Details
-
New Feature
-
Status: In Progress (View Workflow)
-
Major
-
Resolution: Unresolved
-
None
Description
When the is a problem with optimistic parallel replication, such as excessive conflicts or hang/slowness due to bugs, there is very little information available to investigate the problem. This causes debugging the problem to be extremely difficult, and many occurrences end up being ignored that could have been used to track down a bug and fix to the benefit of all users.
A simple idea that should greatly improve this is to implement an option --slave-parallel-print-all-deadlocks, inspired by --innodb-print-all-deadlocks. This option, when enabled, will output additional information in the error log about parallel replication conflicts:
- When a conflict is detected, the blocked GTID as well as the blocking GTID to be aborted, along with their associated worker thread states and active query.
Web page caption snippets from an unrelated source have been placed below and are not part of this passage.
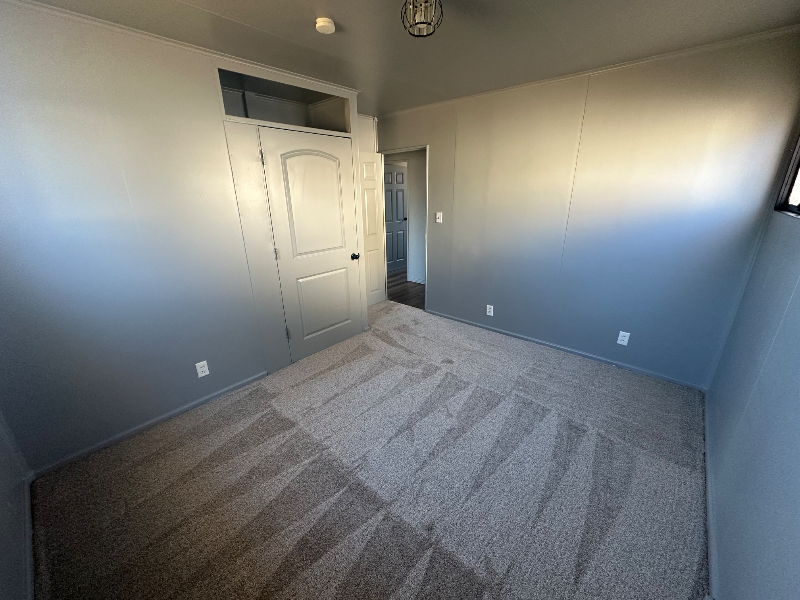 3127 S 40th St - Photo 6 of 15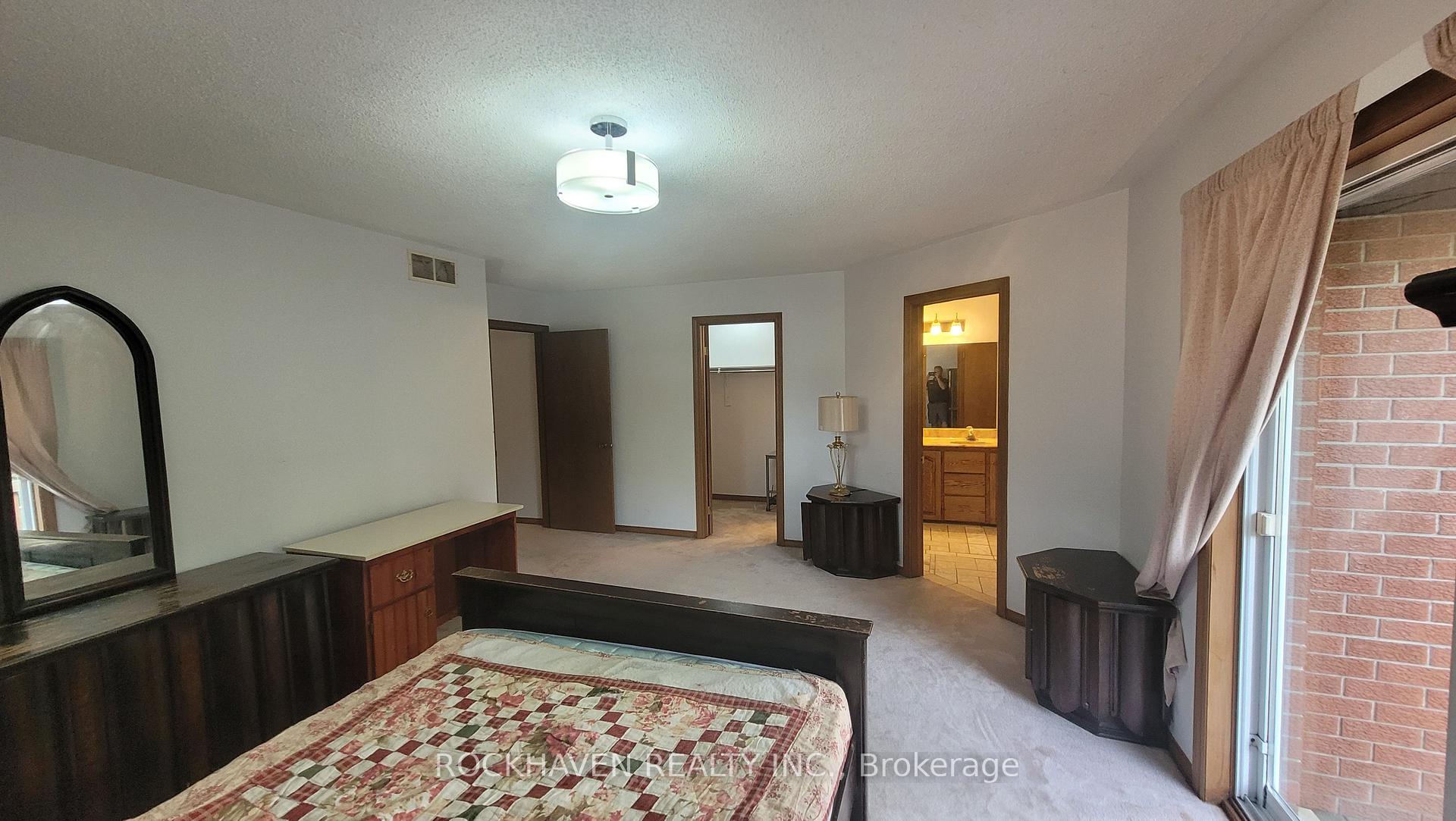 Photo 18 of 54 Kortright Road E, Guelph, Kortright East — HOMEH
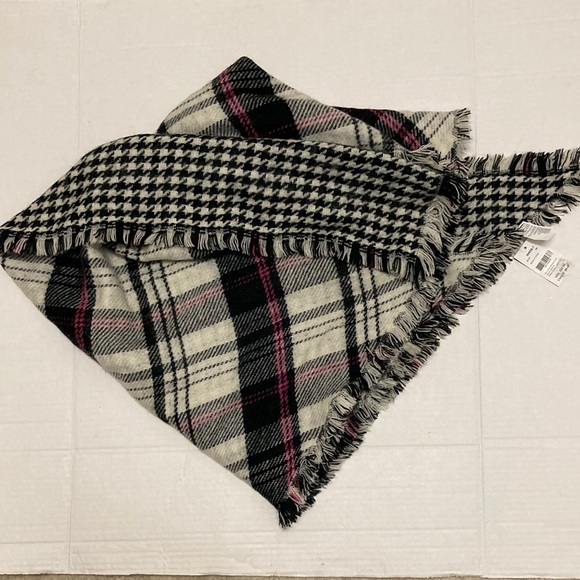 Icing Accessories - ICING Reversible Shawl/Scarf.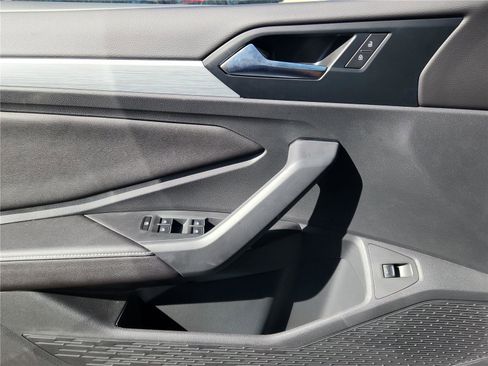 New 2025 Volkswagen Jetta S image 8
- When an event group needs to retry, a dump of the chain of wait-for-prior-commit threads, and the SHOW ENGINE STATUS for all engines participating in the transaction.
Two cases are of particular interest; this is when an event group needs to retry due to a lock wait timeout, or needs to retry more than once. This is not expected to happen in normal operation, and might indicate a bug, so it will be useful to be able to enable the new option only for these cases, to make it feasible to have it enabled always in production environment.
The option should also be possible to enable for all conflicts, which will be useful to get information during specific investigations, but might produce too much output/overhead in normal use.